Rossland Reads round one

Andrew Zwicker
By Andrew Zwicker
November 11th, 2010


Rossland Reads kicked off its reading and debating extravaganza this past Wednesday at Café Books West with a lively panel and near full house in attendance.
 Taking a note from CBC’s popular Canada Reads program, Rossland Reads, organized by Carey Rudisil and the Rossland Library Board, has brought together three fine folks and one online newspaper editor to plead, discuss, banter, bicker and brag about why the book they chose to represent should be the inaugural Rossland Reads winner.
The evening, featuring Chris D’odorico of the Rossland Library Board (championing Michael Crummy’s Galore), Deanne Steven of Tourism Rossland (pushing Douglas Coupland’s Jpod), Christine Demarco of RSS (celebrating Kim Echlin’s The Disappeared) and myself, Andrew Zwicker (vaunting Lesley Choyce’s The Republic of Nothing) was a laugh-filled event replete with literary entertainment.
“We had a great night on week one for Rossland Reads,” commented Rudisil. “We were really happy to see lots of readers out.”
A crowd of roughly twenty people crammed into the middle section of the Café as the couch and lounge chairs were transformed into a stage for the four panelists and host to laud their book of choice.
Each panelist started by describing in general the story of the book they chose, what they liked about it, why they chose it, and where they were when they first read it. Answers ranging from summertime hammocks to mountain top cabins on a ski tour provided unique looks into the often personal world of the literary arts.
“The first week we got into the styles of the different types of writing. Perhaps this week we’ll be looking maybe at some things like how do we pick a book, how did the panelists pick a book that appeals to the most amount of people? Would the Kootenays pick a different type of book than the rest of Canada? We’ll find out this week,” added Rudisill.

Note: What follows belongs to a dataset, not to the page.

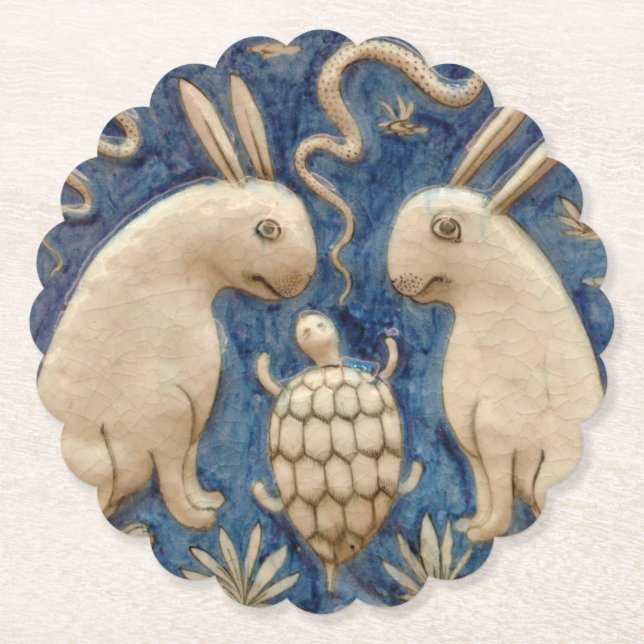 Vintages Spanisches Kaninchen Untersetzer (Vorderseite)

One of the reasons Panelist Chris D’odorico has been enjoying the event so far has come directly out of the question of how do you normally pick a book to read. “I love a good book recommendation. I’ll sometimes look at the Best Sellers list but mostly I pick my books based on others’ recommendations. I picked my own book on a whim, but the other three books were great and all based on the recommendation of the other panelists. I’m not sure I would have picked up the other books otherwise, so that aspect of it has been really great.”
One of the benefits of bringing together a group of people to discuss a set group of books has been in how it really shines a light on reading and discussing books in general.  
Deanne Steven has enjoyed the different perspectives offered by the different panelists as she noted, “I’m looking forward to getting a bit more in depth in some of the stories. It was nice to have the introduction of them all, but this week we’ll get into the real nitty gritty of it all. The cast of characters, as far as the panel is concerned, is very diverse. We all come from very different perspectives and chose books that are vastly different. That’s been a neat aspect of the event so far.”
At the end of the first hour-long session (which has been recorded by Rossland Radio and will air both on the Radio as well as being podcast on the Rossland Telegraph in coming weeks) the crowd was asked to vote off the island (or couch, as it were) their least favorite book. If you haven’t yet got your vote in there is still time to stop by Café Books West before the next installment of Rossland Reads this Wednesday at 7:00 PM. Same book-time, same book-location.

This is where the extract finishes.